O conteúdo aborda a popularização de produtos “alto em proteína” nos supermercados e avalia, segundo a técnica em Nutrição e Dietética Ana Luzón, a relação entre valor nutricional, preço e utilidade desses itens, distinguindo o que é sustentado por ciência do que é estratégia de marketing.

Principais Pontos

  • Iogurte: um natural oferece cerca de 4–5 g de proteína por aproximadamente € 0,25; um iogurte proteico fornece cerca de 10–12 g por € 0,80–€ 1,20. Segundo a especialista, há aumento de proteína, porém com preço até triplicado.
  • Alternativas com custo-benefício: queijo fresco batido 0% e skyr têm densidade proteica semelhante por fração do preço; a compra tende a priorizar conveniência e design, não um “superalimento”.
  • Rotulagem redundante: selos “alto em proteína” em latas de atum ou peito de frango são considerados desnecessários, pois esses alimentos já são fontes proteicas; o selo pode afastar a comparação de preço por quilo com outras marcas.
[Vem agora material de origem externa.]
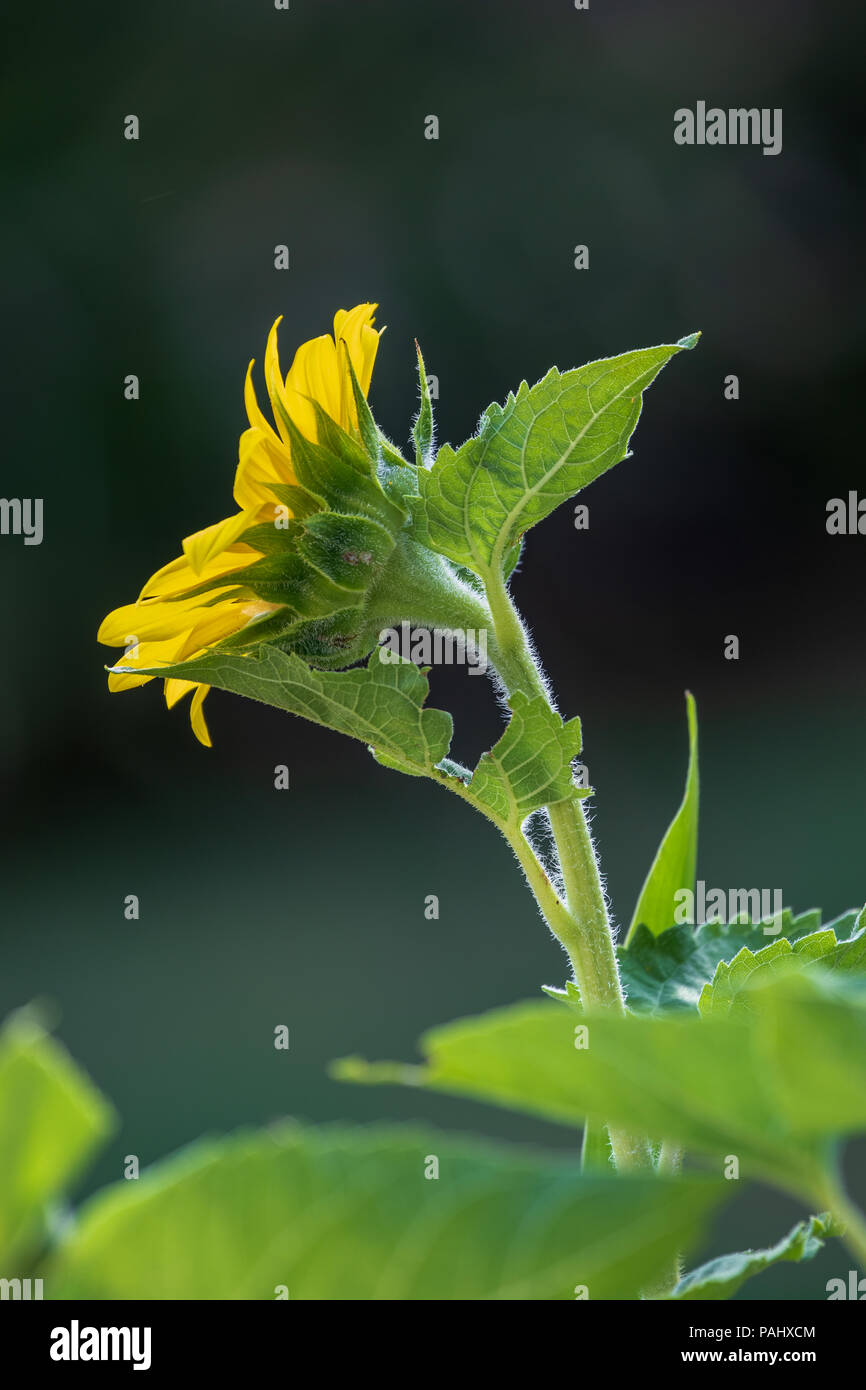 Sonnenblumen im Sommer. Los Angeles, Kalifornien, USA Stockfoto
  • Pães e biscoitos “proteinizados”: frequentemente recebem glúten ou soja para inflar a proteína mantendo farinhas refinadas; questiona-se o sentido de transformar alimentos majoritariamente energéticos (carboidratos) em fontes de proteína.
  • Viés de gênero no consumo: enquanto parte da população excede proteína via carnes processadas, muitas mulheres não atingem níveis ótimos; proteína compõe hormônios, células do sistema imune, dentes e músculos, além de ser saciante e ajudar a evitar beliscos.
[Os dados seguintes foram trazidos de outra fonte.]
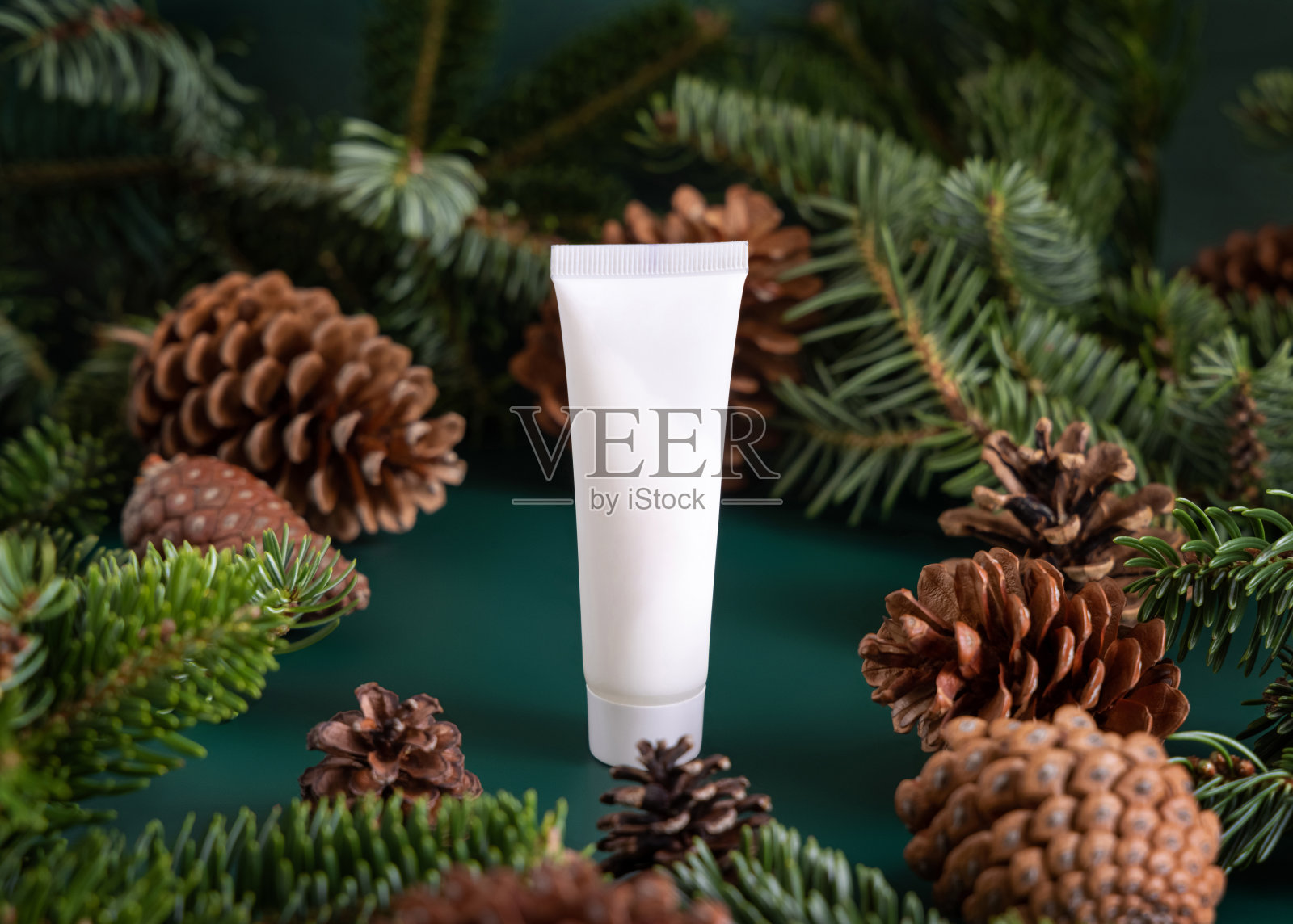 天然有机化妆品乳霜在白色塑料管附近的冷杉枝和松树球果上深绿色关闭照片摄影图片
  • Orientação prática de consumo: 2–3 porções semanais de leguminosas, cerca de 7 ovos, 3 porções de peixe e algum consumo de carne ou laticínios, combinados com oleaginosas e cereais, atendem às necessidades da maioria das pessoas saudáveis.
  • Isolado de proteína do soro (Isolate): não é milagroso; é útil em casos específicos, como pouco apetite (idosos ou em recuperação), atletas com demandas altas e necessidade de digestão rápida, ou falta extrema de tempo; não substitui comida real quando possível fazer refeições.
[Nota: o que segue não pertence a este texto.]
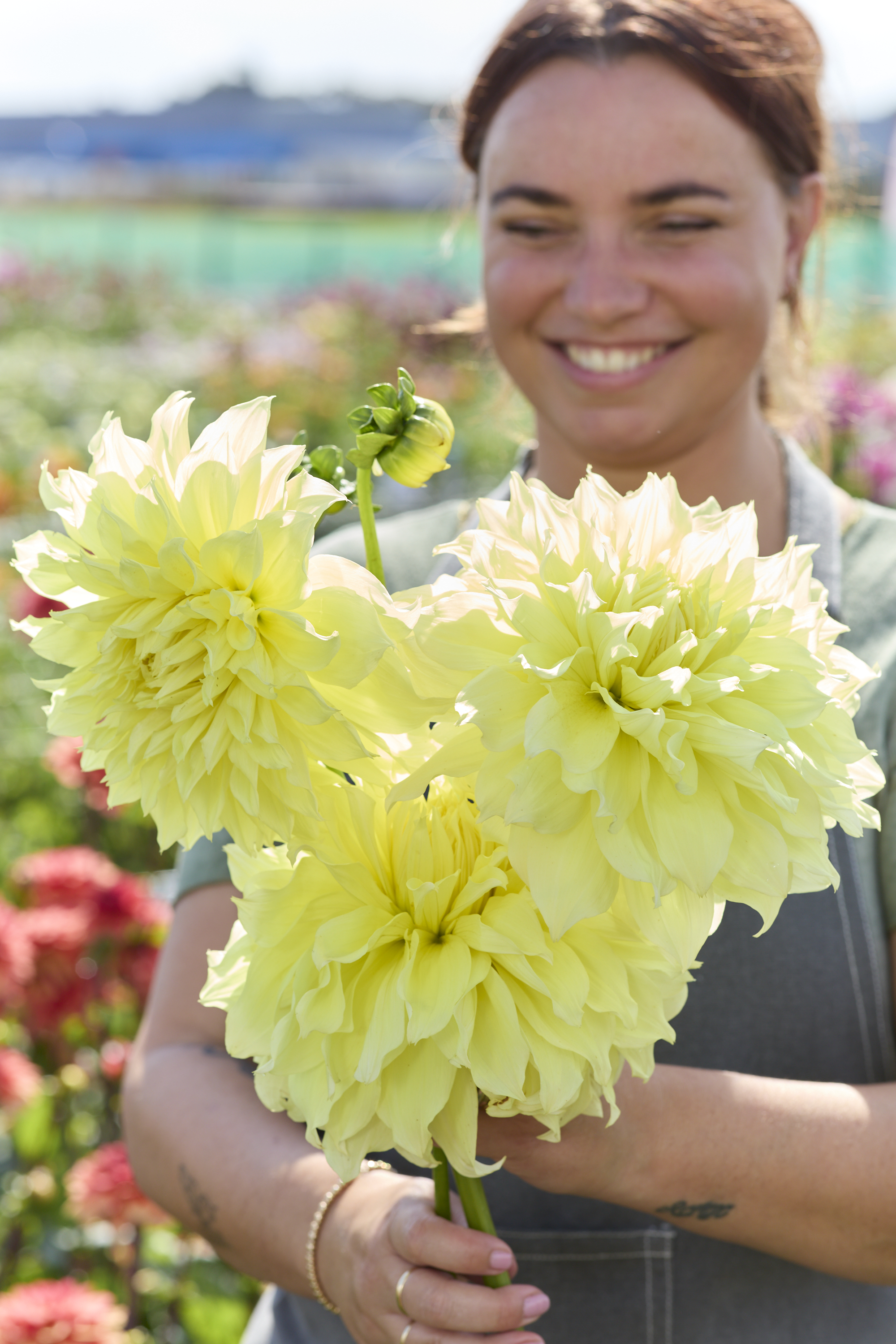 Dahlia knöl Kelvin Floodlight Dekorativ   - 3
  • Excesso de proteína: há limite de absorção por refeição; o excedente é oxidado para energia ou eliminado via ureia, configurando gasto desnecessário.
  • Deslocamento nutricional: consumo frequente de pudins e shakes proteicos pode reduzir a ingestão de fibras e antioxidantes de frutas, verduras e leguminosas; preservar músculo requer exercício, e proteína isolada não é suficiente.
  • Conclusão da especialista: produtos enriquecidos podem ser úteis em situações específicas, mas para o consumidor médio costumam ser um luxo desnecessário; ovos, lentilhas e sardinhas são apontados como opções eficazes e acessíveis.

Informações Essenciais

Segundo Ana Luzón, a expansão de produtos “alto em proteína” eleva custos sem ganhos proporcionais na maioria dos casos. Comparações como a de iogurtes indicam maior preço por grama de proteína, enquanto alternativas como skyr e queijo fresco batido 0% oferecem densidade semelhante por menos. A especialista critica selos proteicos redundantes, alerta para limites de absorção e para o risco de substituir alimentos ricos em fibra e antioxidantes por ultraprocessados proteicos. Recomenda suprir necessidades com leguminosas, ovos, peixes, alguma carne ou laticínios, oleaginosas e cereais, reservando o isolado de soro para usos pontuais.